[Task] Your task is to reproduce the listing exactly, without its images.

[Collected material]
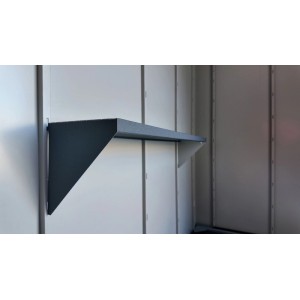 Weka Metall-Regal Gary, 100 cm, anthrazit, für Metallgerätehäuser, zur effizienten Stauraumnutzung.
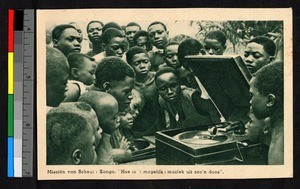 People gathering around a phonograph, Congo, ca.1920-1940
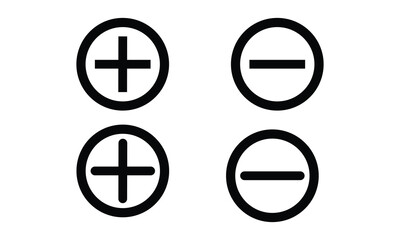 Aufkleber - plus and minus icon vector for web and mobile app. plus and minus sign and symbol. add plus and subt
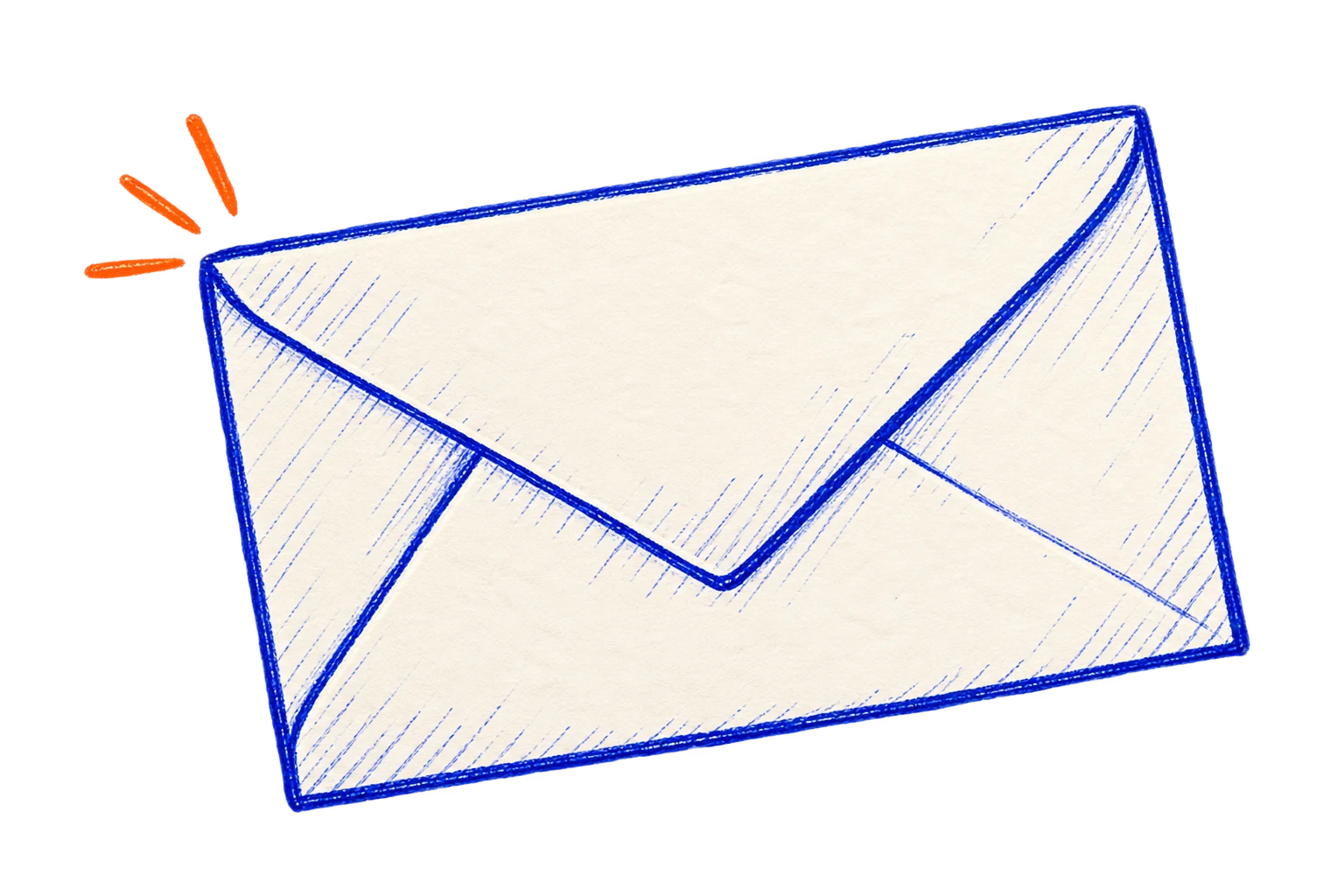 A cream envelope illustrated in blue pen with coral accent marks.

[Task output]
 Weka Metall-Regal Gary, 100 cm, anthrazit, für Metallgerätehäuser, zur effizienten Stauraumnutzung.
 People gathering around a phonograph, Congo, ca.1920-1940
 Aufkleber - plus and minus icon vector for web and mobile app. plus and minus sign and symbol. add plus and subt
 A cream envelope illustrated in blue pen with coral accent marks.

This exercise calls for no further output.